Entre Red et Black Halls du luxueux Forum international de Musique (NFM), le MEN de Wroclaw dirigé par Pierre Jodlowski met à l’affiche la création polonaise lors d’une soirée dédiée à l’Union des Compositeurs polonais, invite sur scène le Studio Dan venu de Vienne et rend un hommage appuyé à l’immense compositrice Elzbieta Sikora.
Saxophonie
Avec la sortie polonaise d’un livre d’entretiens et un CD Anaklasis affichant trois concertos, 2023 est une année anniversaire pour la compositrice Elzbieta Sikora née à Lwow et installée en France depuis une quarantaine d’années. Elle a dirigé durant près de dix ans le MEN qui l’accueille aujourd’hui au Black Hall pour un concert monographique autour du/des saxophones et de l’électronique. Rappelons que la compositrice s’est formée très tôt dans les studios du Groupe de Recherches Musicales à Paris ainsi qu’auprès des plus grands maîtres polonais de la musique instrumentale, tels que Tadeusz Baird et Zbigniew Rudzinski. « La musique est partout, nous dit-elle, « dans le souffle du vent, dans les gouttes de la pluie sur le rebord des fenêtres, dans le bruit des roues sur les rails […] ». Commande du GRM en 1998, Lisboa, tramway 28, hommage à Fernando Pessoa est donnée en première partie de concert, accompagnée d’un dispositif lumineux aussi discret qu’opérationnel. Lisboa, tramway 28 est une œuvre mixte pour saxophone et sons fixés, emblématique du travail de la compositrice et chef d’œuvre du genre. On s’embarque avec elle dans le célèbre bus jaune qui passe dans les principaux quartiers de la capitale portugaise : grincement de la machine, sonnette, voix des passagers, freinage et accélération passent par les haut-parleurs tandis que la ligne de saxophone, légèrement amplifiée et spatialisée, traverse cet environnement du vivant, avec un rien de nostalgie et beaucoup de poésie. On est sous le charme de la sonorité chaude et enveloppante de Władysław Kosendiak aux saxophones soprano et alto.

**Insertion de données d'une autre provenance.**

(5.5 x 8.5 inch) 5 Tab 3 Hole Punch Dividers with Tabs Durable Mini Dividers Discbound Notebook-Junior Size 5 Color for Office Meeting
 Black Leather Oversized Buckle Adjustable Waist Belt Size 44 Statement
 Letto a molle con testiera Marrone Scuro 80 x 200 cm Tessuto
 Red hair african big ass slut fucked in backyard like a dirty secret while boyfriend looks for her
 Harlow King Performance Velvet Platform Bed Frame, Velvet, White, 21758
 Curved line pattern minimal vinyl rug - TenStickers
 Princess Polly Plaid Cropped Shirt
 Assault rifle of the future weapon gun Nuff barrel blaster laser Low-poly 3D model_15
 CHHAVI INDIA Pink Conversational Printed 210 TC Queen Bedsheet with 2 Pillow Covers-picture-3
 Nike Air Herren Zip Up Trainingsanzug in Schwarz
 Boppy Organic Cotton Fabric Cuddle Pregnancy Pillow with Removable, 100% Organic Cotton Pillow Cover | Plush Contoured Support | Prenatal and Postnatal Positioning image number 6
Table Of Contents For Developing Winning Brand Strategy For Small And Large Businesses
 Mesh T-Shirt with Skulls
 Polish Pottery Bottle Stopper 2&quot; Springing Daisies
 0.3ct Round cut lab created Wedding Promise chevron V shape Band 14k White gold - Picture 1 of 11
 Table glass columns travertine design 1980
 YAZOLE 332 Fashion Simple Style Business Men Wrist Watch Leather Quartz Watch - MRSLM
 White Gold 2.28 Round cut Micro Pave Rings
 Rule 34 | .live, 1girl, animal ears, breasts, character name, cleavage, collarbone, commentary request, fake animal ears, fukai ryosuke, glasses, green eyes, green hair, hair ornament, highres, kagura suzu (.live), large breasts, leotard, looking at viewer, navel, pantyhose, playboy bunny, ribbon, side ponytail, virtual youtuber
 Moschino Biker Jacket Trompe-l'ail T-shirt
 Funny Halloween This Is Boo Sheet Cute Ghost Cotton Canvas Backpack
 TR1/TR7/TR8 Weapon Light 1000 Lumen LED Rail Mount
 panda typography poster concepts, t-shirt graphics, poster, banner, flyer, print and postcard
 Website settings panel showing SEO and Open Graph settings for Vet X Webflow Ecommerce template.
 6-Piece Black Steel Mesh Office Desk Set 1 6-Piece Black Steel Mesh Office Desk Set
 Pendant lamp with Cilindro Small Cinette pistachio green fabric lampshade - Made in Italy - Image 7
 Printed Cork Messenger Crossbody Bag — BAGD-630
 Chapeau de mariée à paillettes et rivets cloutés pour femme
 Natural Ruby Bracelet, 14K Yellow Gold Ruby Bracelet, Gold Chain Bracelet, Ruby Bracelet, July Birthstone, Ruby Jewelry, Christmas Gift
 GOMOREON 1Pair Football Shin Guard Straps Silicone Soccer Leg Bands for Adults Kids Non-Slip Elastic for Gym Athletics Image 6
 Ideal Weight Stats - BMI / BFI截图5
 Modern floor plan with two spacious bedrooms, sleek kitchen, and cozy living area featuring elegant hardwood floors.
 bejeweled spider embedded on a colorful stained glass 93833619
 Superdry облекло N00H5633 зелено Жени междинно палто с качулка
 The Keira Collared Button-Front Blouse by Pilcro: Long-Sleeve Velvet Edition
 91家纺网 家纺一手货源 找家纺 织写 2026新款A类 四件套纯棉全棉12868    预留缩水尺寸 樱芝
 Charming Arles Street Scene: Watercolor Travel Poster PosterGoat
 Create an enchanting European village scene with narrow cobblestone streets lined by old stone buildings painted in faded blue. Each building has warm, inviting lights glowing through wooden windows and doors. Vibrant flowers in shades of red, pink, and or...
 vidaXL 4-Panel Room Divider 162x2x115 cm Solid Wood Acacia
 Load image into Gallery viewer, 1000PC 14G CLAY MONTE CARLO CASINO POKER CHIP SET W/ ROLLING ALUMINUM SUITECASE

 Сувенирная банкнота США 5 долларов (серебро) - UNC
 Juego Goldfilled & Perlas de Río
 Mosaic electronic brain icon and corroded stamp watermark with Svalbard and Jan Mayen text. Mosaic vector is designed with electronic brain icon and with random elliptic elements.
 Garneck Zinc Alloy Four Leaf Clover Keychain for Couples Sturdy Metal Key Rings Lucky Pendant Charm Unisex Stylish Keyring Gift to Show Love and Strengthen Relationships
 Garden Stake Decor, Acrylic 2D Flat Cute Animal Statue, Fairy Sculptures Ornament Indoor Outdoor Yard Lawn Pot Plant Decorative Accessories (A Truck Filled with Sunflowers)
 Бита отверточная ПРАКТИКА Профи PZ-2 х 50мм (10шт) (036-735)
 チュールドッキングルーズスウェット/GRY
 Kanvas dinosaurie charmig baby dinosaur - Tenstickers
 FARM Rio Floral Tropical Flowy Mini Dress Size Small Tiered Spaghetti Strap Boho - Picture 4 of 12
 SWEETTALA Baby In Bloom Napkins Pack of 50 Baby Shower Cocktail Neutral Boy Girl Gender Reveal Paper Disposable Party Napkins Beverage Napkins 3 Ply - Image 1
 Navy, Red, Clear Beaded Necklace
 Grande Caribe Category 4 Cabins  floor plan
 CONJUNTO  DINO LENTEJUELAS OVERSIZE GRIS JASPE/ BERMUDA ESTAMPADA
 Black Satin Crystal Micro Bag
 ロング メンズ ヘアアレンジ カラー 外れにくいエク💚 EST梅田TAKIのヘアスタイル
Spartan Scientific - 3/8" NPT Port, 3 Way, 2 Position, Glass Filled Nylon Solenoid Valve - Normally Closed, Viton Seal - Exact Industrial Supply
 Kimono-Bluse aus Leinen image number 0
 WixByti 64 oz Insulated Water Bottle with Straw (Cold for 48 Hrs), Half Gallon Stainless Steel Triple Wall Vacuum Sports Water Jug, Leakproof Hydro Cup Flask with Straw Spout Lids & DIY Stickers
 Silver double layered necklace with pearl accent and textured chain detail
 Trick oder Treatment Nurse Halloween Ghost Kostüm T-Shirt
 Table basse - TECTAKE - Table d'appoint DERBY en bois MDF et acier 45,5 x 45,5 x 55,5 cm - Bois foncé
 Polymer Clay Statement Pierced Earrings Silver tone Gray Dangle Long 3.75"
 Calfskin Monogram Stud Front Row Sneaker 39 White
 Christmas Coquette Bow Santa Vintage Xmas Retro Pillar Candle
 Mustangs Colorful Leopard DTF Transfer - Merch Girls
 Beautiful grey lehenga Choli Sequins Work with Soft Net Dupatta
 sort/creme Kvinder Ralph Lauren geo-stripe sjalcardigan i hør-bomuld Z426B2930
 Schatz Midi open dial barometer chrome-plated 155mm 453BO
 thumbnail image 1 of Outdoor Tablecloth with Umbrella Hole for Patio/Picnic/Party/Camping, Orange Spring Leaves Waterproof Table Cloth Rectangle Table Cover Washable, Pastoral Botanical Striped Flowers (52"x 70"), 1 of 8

Quinze jeunes saxophonistes (du soprano au baryton) sont en arc de cercle autour de leur chef, Władysław Kosendiak pour l’exécution de Happy Valenciennes. La pièce de 2012, d’une cinquantaine de minutes, est une commande de Art Zoyd pour le professeur de saxophone Michel Supera et les élèves du Conservatoire de Mons et de Valenciennes. Ce sont ce soir des jeunes musiciens issus de deux écoles de musique, Ryszard Bukowski et Karol Szymanowski, de Wroclaw, superbement préparés par Władysław Kosendiak et Agnieszka Jutkiewicz. La pièce pour l’apprentissage est de différents niveaux de difficulté, faisant appel aux ressorts de l’électronique (sons fixés et transformation live). Des séquences collectives alternent avec trois longs solos, trois pages impressionnantes dédiées aux plus chevronnés d’entre eux où techniques de jeu, exploration des registres et palette de sonorités sont à l’œuvre, magnifiés par les traitements de l’électronique (spatialisation, réverbération et démultiplication de la ligne). Władysław Kosendiak rejoint les rangs de ses élèves pour faire le troisième solo avant d’engager avec eux une improvisation collective dûment arbitré, sorte de soundpainting rafraichissant qui met une dernière touche énergétique à cette fresque monumentale signée Elzbieta Sikora.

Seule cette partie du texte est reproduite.